Renowned equine artist Orren Marion Mixer, 87, died Tuesday evening, April 29, at the home of Elaine Hall, Weatherford, TX. Mixer, who had a history of heart problems, had just delivered a portrait that Hall had commissioned of her mare Royal Blue Boon, the all-time leading dam of Quarter Horse performers.
“He couldn’t have depicted it better,” said Frank Merrill, past president of the American Quarter Horse Association and longtime friend of Mixer’s, referring to the artist’s sudden passing at one of many fulfilling moments in his life.
Mixer was born in Oklahoma City in 1920 to Florence Motter and Orren Marion Mixer Sr. After attending public schools, he graduated from Central High School and through the efforts of his high school art teacher, Grace Chadwick, he obtained a scholarship to attend the Kansas City Art Institute from 1938-40.
Mixer worked in graphic arts in New York, Oklahoma City, and Fort Worth, Texas, before moving to San Diego to work in an aircraft manufacturing plant. He returned to Fort Worth in 1943 and joined the US Navy. Stationed in Chicago, he was a visual aids graphic artist.
In his personal time, Mixer painted Western scenes, and his first sales came through a Chicago sporting goods store. Discharged from the service in 1946, he brought his wife, Evelyn Leonard, whom he’d married in 1941, back to Oklahoma, where he built a house and studio near Arcadia/Edmond.
Mixer became a well-known local Western artist during the 1950s and 1960s. Livestock, particularly horses, became his specialty, and his work graced the covers of Western Horseman, The Quarter Horse Journal, Cattleman, and Oklahoma Today. In 1968, the American Quarter Horse Association commissioned Mixer to paint “the ideal American Quarter Horse,” and six other breed associations followed suit. He depicted the ideal Pinto, Paint, Palomino, Appaloosa, Buckskin, and Pony of the Americas.
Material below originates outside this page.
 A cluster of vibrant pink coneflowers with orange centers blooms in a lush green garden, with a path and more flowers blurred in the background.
Briefly retired during the 1980s, Mixer resumed his artistic productions in the mid-1990s, still working from a studio near Arcadia. He was inducted in the AQHA Hall of Fame in 1993.
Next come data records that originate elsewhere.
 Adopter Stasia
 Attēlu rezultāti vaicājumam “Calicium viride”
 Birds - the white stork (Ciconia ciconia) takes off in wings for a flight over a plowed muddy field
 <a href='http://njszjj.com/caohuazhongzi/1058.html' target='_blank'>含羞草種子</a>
Funeral services will be held on Monday, May 5 at 2:00 pm, at the First Baptist Church, 1300 SE 33rd Street, Edmund, OK. Visitation anytime after 12:00 noon, Matthews Funeral Home, 601 S. Kelly, Edmund, OK, 405-341-2787. In lieu of flowers, the family suggests donations for the benefit of Boys Ranch Town, in care of the First Baptist Church of Edmund.